### INFORMATION GIVEN
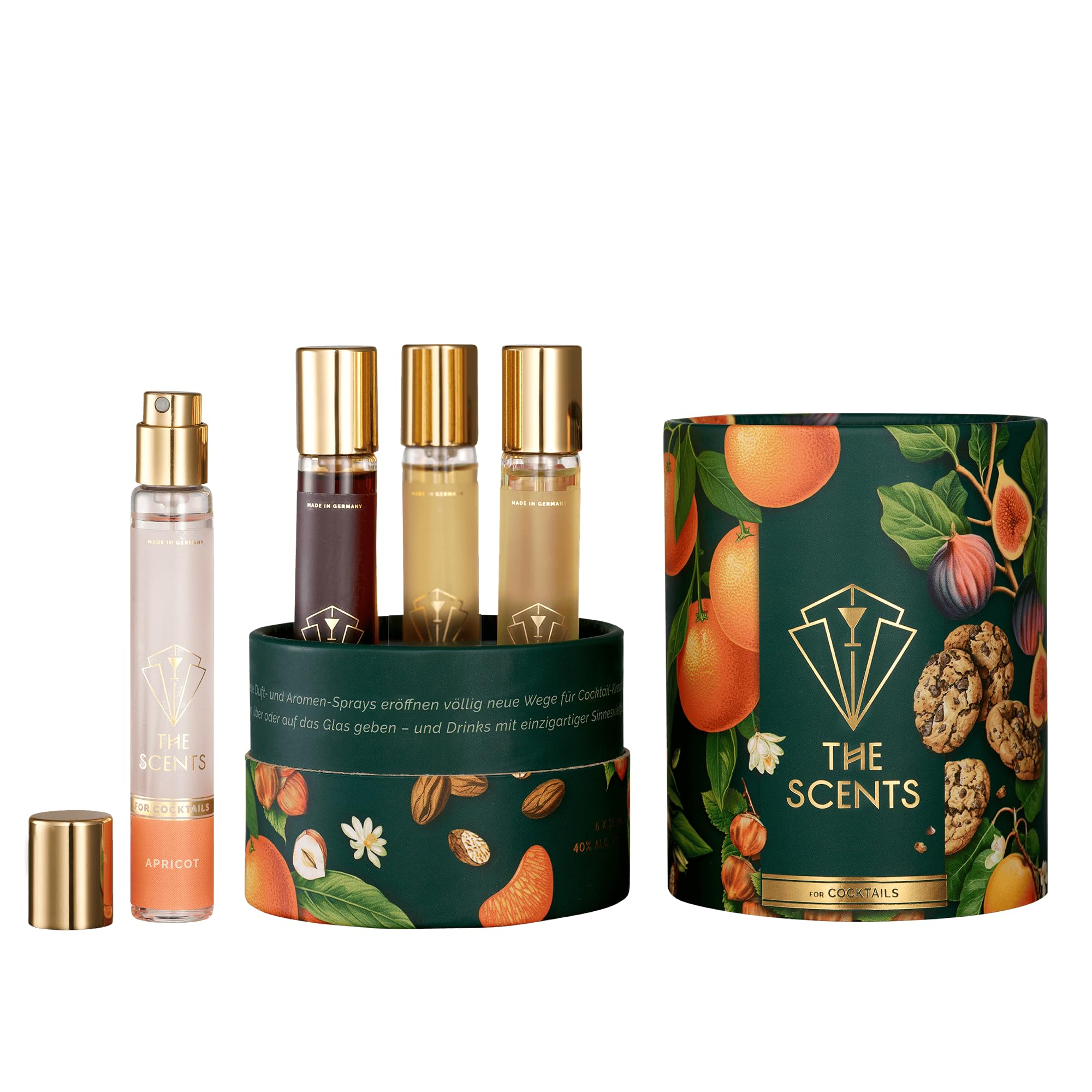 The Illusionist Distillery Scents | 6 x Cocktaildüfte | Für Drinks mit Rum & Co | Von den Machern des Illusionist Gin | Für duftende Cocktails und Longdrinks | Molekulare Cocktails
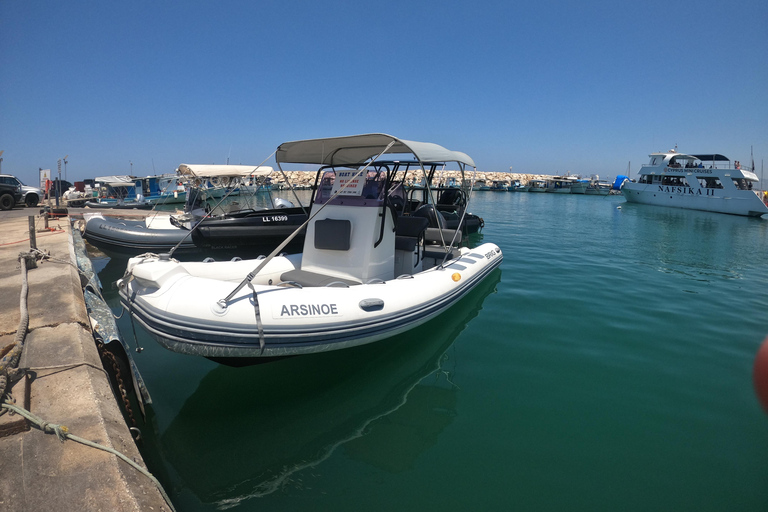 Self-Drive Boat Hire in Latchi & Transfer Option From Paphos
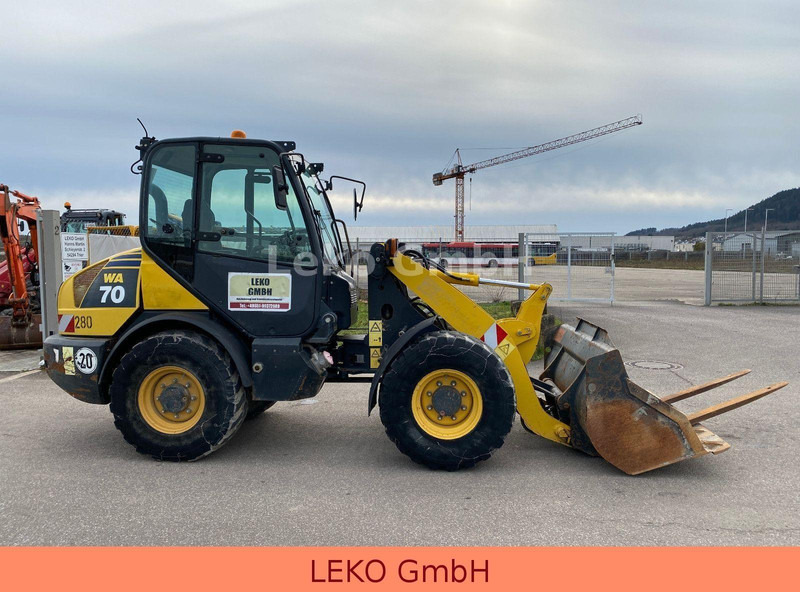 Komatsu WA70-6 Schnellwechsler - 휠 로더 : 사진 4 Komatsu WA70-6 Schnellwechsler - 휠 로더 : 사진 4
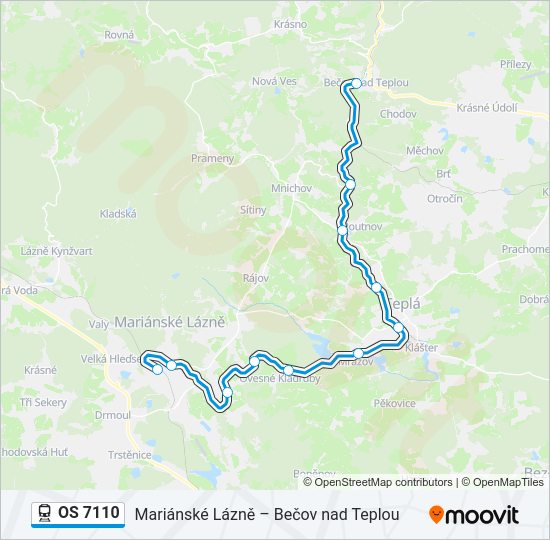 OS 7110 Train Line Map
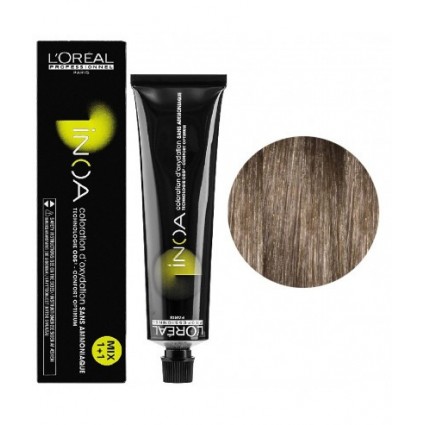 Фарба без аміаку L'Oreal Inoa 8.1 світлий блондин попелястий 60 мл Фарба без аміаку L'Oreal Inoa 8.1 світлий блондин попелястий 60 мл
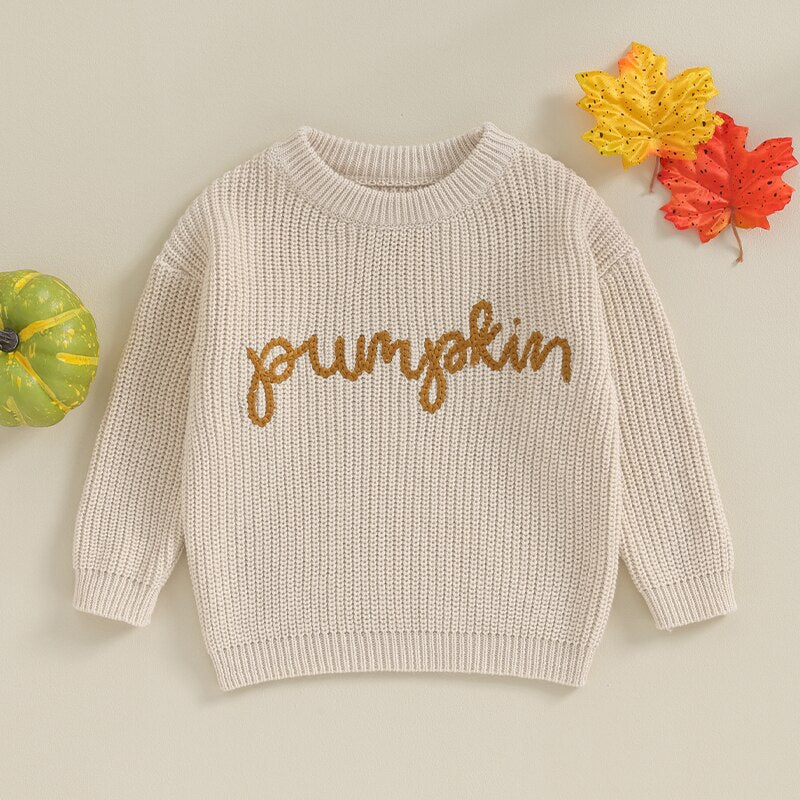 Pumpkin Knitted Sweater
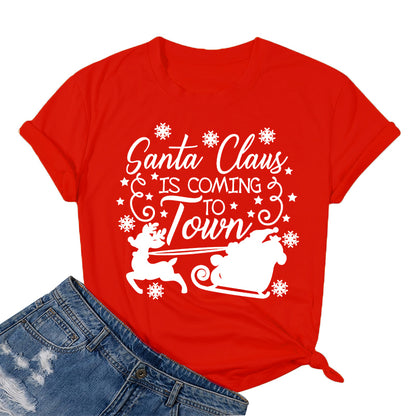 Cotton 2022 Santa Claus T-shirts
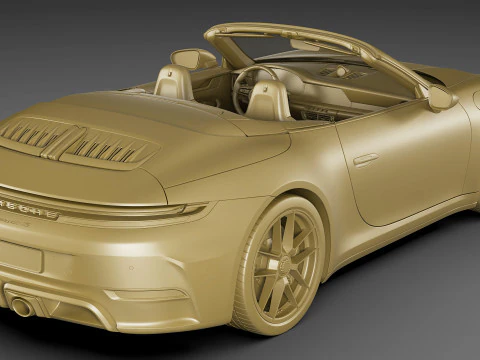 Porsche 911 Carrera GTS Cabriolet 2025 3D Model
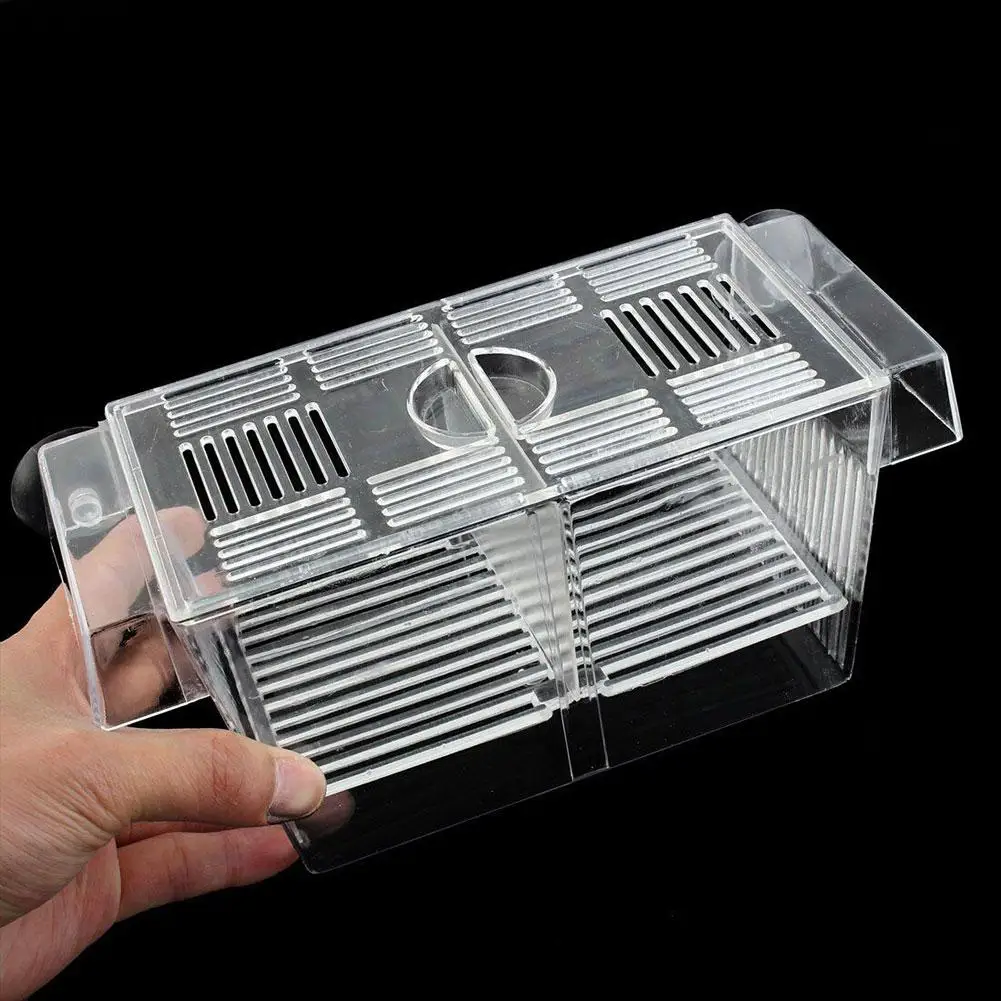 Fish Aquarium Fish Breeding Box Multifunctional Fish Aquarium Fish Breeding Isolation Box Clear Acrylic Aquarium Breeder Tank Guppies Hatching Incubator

### WHAT TO PRODUCE
Produce the entries above once more, exactly as given, with each picture left out.

### RESPONSE TO THE EXERCISE
 The Illusionist Distillery Scents | 6 x Cocktaildüfte | Für Drinks mit Rum & Co | Von den Machern des Illusionist Gin | Für duftende Cocktails und Longdrinks | Molekulare Cocktails
 Self-Drive Boat Hire in Latchi & Transfer Option From Paphos
 Komatsu WA70-6 Schnellwechsler - 휠 로더 : 사진 4 Komatsu WA70-6 Schnellwechsler - 휠 로더 : 사진 4
 OS 7110 Train Line Map
 Фарба без аміаку L'Oreal Inoa 8.1 світлий блондин попелястий 60 мл Фарба без аміаку L'Oreal Inoa 8.1 світлий блондин попелястий 60 мл
 Pumpkin Knitted Sweater
 Cotton 2022 Santa Claus T-shirts
 Porsche 911 Carrera GTS Cabriolet 2025 3D Model
 Fish Aquarium Fish Breeding Box Multifunctional Fish Aquarium Fish Breeding Isolation Box Clear Acrylic Aquarium Breeder Tank Guppies Hatching Incubator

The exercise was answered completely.